The EU has lifted a cap on the Russian gas company's access to the Opal pipeline in Germany. The agreement paves the way for Moscow to expand its Nord Stream pipeline and bypass Ukraine when supplying gas to Europe.
Members of the European Commission on Friday decided to change a key regulation proposed by the German federal agency for gas, telecom and transport, the Bundesnetzagentur, to allow Gazprom more rights for gas transport.
Friday's decision concerned the Opal gas pipeline in Germany, which receives the fuel from the Nord Stream 1 Baltic Sea pipeline and transports it to users in Germany and the Czech republic. Until now, Gazprom was allowed to use only 50 percent of the pipeline's capacity to prevent the company from dominating the supply infrastructure.

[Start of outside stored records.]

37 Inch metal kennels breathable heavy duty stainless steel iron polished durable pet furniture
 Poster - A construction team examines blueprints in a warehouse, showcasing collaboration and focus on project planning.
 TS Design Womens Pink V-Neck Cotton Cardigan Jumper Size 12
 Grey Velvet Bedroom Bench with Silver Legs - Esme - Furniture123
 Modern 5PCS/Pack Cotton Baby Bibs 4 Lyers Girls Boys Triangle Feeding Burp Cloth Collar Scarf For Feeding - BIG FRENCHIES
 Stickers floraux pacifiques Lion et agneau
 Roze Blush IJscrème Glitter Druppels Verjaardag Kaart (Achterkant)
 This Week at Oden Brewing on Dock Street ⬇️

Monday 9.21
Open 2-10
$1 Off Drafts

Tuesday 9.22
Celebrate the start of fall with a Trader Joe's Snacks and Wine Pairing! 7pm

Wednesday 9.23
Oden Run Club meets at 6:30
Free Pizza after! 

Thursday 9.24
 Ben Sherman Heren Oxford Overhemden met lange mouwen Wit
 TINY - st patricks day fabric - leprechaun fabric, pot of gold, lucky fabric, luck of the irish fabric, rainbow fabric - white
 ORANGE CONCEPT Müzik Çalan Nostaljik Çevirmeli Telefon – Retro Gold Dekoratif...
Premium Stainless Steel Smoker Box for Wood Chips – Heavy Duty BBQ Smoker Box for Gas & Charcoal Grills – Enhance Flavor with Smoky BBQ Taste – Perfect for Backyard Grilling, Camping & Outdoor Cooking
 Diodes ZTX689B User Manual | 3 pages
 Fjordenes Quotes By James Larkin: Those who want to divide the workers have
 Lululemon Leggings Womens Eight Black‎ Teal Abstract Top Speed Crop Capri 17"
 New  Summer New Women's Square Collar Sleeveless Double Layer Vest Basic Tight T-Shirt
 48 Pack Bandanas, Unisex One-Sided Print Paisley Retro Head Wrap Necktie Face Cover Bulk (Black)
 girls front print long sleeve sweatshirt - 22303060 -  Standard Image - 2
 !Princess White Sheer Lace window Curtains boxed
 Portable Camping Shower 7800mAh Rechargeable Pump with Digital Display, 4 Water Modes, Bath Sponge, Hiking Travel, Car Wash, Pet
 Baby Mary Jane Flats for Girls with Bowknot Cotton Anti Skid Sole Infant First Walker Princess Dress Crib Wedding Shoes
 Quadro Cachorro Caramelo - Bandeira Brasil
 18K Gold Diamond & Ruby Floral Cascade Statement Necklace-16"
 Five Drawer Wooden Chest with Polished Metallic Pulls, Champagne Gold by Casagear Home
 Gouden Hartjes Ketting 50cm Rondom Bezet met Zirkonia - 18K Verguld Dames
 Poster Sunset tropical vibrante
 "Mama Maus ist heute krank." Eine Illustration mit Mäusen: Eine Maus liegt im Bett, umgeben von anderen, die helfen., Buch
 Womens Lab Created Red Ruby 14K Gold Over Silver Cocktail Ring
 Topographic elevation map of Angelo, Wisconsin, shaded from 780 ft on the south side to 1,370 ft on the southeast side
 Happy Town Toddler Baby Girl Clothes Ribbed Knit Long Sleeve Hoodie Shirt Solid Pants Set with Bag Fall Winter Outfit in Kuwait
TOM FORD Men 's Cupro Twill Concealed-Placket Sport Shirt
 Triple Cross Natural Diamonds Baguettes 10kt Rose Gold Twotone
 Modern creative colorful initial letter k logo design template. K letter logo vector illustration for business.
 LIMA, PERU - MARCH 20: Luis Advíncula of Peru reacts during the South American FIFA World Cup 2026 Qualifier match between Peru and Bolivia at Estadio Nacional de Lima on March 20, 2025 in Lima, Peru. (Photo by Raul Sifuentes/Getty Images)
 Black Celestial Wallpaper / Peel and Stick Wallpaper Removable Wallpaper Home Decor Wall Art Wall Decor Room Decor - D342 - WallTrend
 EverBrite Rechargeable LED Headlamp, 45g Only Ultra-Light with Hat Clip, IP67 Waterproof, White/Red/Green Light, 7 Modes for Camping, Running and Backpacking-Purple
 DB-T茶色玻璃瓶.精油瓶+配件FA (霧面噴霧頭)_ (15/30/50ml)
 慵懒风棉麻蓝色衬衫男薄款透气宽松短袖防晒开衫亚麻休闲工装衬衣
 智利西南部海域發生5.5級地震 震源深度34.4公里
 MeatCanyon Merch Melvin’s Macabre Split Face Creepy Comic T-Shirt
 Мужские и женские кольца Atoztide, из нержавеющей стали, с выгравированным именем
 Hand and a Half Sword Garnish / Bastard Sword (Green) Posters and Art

Because of this, a large part of the pipeline's capacity remained unused, causing Gazprom to request the Bundesnetzagentur to change its rules. The German agency agreed to change them subject to the European Commission's permission. The Commission agreed in principle, but said that Gazprom's competitors would get priority access of up to 20 percent of the pipeline's capacity.
Guarantees for winter gas supply
The Commission hoped that the change would help in getting guarantees from Moscow that it would keep sending gas to Ukraine after its current contract expired in 2019. On Thursday, EU Energy Commissioner Maros Sefcovic said he was "making a maximum effort" to broker a deal between Moscow and Kyiv to ensure uninterrupted supplies for customers in the Ukraine and Europe. "So far we haven't been successful," he said.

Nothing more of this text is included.